Wahrscheinlich werden doch die sich jetzt um “Kobras” Fahne entwickelnden Anstrengungen trotz der günstigen Verhältnisse nicht sehr weit gedeihen. Anfang 1958 hatten sich die Neo-Kobras des Amsterdamer Stadtmuseums bemächtigt, in dem damals eine skandalöse Manifestation der Bewegung stattgefunden hatte und dessen beginnender und äußerst überschätzter Pariser Ruf gewissen Journalisten, Liebhabern des aufgewärmten Kobras und der alten kulturellen Welt der Museen, zugerechnet werden soll. Die Neo-Kobras hatten die Organisation einer großen, sehr eklektischen Ausstellung vor, die dann in andere Hauptstädte reisen und besonders den amerikanischen Markt beeindrucken sollte. Die Situationisten, die in dieses gute Geschäft mit einbezogen waren, weil zwei von ihnen eine führende Rolle in “Kobra” gehabt haben, gaben bekannt, dass sie diese Ausstellung nur unter einer rein historischen Form annehmen könnten, deren Einschätzung einem von ihnen bestimmten Sekretär obliegen würde, und dass sie gezwungen sein würden, jedem Versuch irgendwelcher Art entgegenzutreten, “Kobra” als eine aktuelle Forschungsbewegung darzustellen. Unserer Opposition gegenübergestellt nahm das Stedelijk-Museum sein Einverständnis zurück. Deshalb kann auch die jetzige Kampagne für “Kobras” Auferweckung nur andeutungsweise geführt werden und sie wird keinen irgendwie wichtigen Erfolg erzielen können, denn seine Urheber können keinen so beträchtlichen Rückhalt wiederfinden, der es ihnen möglich macht, die Teile bzw. Bruchstücke ihrer Pseudobewegung heute klar zusammengesetzt zu zeigen.
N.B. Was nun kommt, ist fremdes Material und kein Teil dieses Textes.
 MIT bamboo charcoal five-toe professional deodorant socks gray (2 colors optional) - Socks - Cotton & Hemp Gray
Der niederträchtige Charakter dieses Versuchs eines neuen Anfangs leuchtet jedem ein, der das von “Kobra” vor 10 Jahren gebilligte Programm kennt, wie das Manifest der holländischen Experiment-Gruppe, das von Constant verfasst und in der ersten Nummer von “Reflex” veröffentlicht wurde, es darlegt:

“Durch den historischen Einfluss der höheren Klassen wurde die Kunst immer mehr in eine Abhängigkeitsstellung hineingetrieben, die nur außerordentlich begabten Geistern zugänglich ist, die allein fähig sind, den verschiedenen Formalismen ein wenig Freiheit abzuringen.

So entstand die individualistische Kultur, die zusammen mit der Gesellschaft, die sie erzeugt hat, verurteilt ist, da ihre Konventionen keine Möglichkeit mehr für die Phantasie und die Begierden bieten und sogar den Ausdruck des menschlichen Lebens verhindern…
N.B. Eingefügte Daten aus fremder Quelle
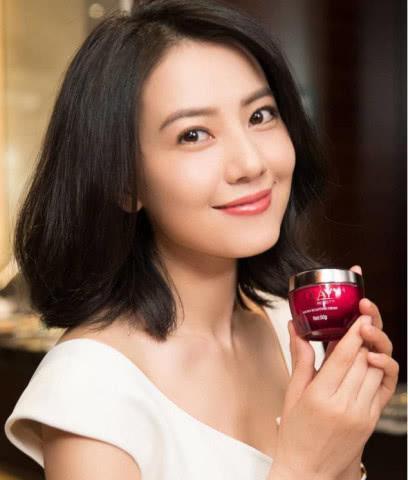 高圆圆的气质短发，简约优雅更显女人味，十足的优雅女神范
Eine Kunst des Volkes kann heute den Auffassungen des Volkes nicht entsprechen, da das Volk, solange es an der künstlerischen Schöpfung nicht aktiv teilnimmt, nur die historisch aufgezwungenen Formalismen verstehen kann. Ein lebensnaher, direkter und kollektiver Ausdruck - das kennzeichnet eine Kunst des Volkes.

Es wird eine neue Freiheit entstehen, die den Menschen erlaubt, ihr Verlangen nach schöpferischer Tätigkeit zu befriedigen. Durch diese Entwicklung wird der Berufskünstler seine privilegierte Stellung verlieren - daher der Widerstand der aktuellen Künstler.

In der Übergangsperiode befindet sich die schöpferische Kunst in einem Zustand des permanenten Konflikts mit der bestehenden Kultur, während sie zu gleicher Zeit eine zukünftige Kultur ankündigt. Durch diesen doppelten Aspekt, dessen psychologische Wirkung eine immer größere Bedeutung hat, spielt die Kunst in der Gesellschaft eine revolutionäre Rolle. Der bürgerliche Geist herrscht immer noch über das ganze Leben und er bringt sogar den Massen eine vorgefertigte Volkskunst.

Nie war die kulturelle Leere so offensichtlich wie seit dem letzten Krieg …

Jede Veränderung dieser Kultur scheint unmöglich zu sein. Man sollte sich zuerst der alten kulturellen Fetzen entledigen, die uns eher daran hindern, einen künstlerischen Ausdruck zu finden, als uns einen zu ermöglichen. Die problematische Phase in der Geschichte der modernen Kunst ist zu Ende und es folgt ihr jetzt eine Experimentalphase. Das bedeutet, dass das Experiment einer Periode der unbegrenzten Freiheit uns erlauben soll, die Gesetze einer neuen Kreativität zu finden.”

Diejenigen, die der Linie eines solchen Programms gefolgt sind, gehören heute natürlich zur Situationistischen Internationalen.